He has flown down to Dubai specially for an exclusive cookout with Friday, and has brought with him a spread of common and exotic condiments - belimbi, a sour fruit; gamboge, used as a thickening agent; rampe, a blade-like shoot also known as pandanus; drumstick tree bark and leaves; daulkurundu, which look like bay leaves but are not; and many others. "We use 42 condiments," says Publis.
Strewn on bananas leaves, they evoke memories of a time when life was simple, brought into sharp focus by the homely items around them... a mirisgala (grinding stone), a hiramanaya (coconut scraper), polkattuhandi (ladle made of coconut shell) and mattihattiya (claypot).
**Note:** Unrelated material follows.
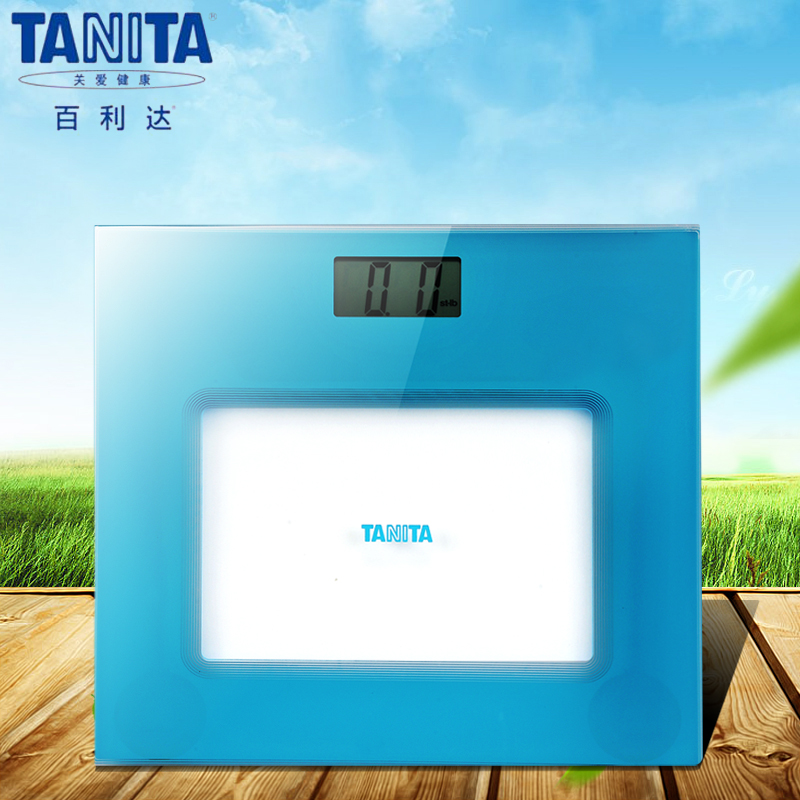 百利达TANITA正品家用超薄精准健康人体秤体重计电子体重秤HD-379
We are treated to a few of the regional delicacies representational of the fare you could sample at the festival next week... Bandakka Maluwa (Okra, fried and then cooked) and Brinjal Moju, a pickle (both southern style); Kaju Maluwa (a creamy cashew curry), Cabbage Mallum (lightly sauted cabbage with a strong lemon flavour), Kukulmas Amba Kariya (Chicken with hot and sweet mango chutney) and Indalolu Mushroom Theldala (all from the central region); Pilussu Harakmas (Grilled Beef flavoured with honey, from the western region); Yapane Isso Maluwa (Jaffna-style Prawn Curry); and Watalappan (Jaggery Cream Pudding, which is served in all parts of the country).
The flavours of the main ingredients seep through the mild aromas of the condiments just like they are intended to. If chilli jostles to get the upper hand over other spices just a bit, it is in the chicken dish and the brinjal pickle.
Over lunch, we ask Publis if he has ever thought of setting up his own hotel? "Yes, but I do not want competition for Lavinia. Mount Lavinia is actually mine. For a lot of people, Publis is Lavinia and Lavinia is Publis."
Forty-six years of continuous loyalty could not be better expressed any other way!
Sofitel City Centre Hotel is hosting The Splendours of Sri Lanka from June 4 to 7 in conjunction with Mount Lavinia Hotel and Sri Lankan Airlines.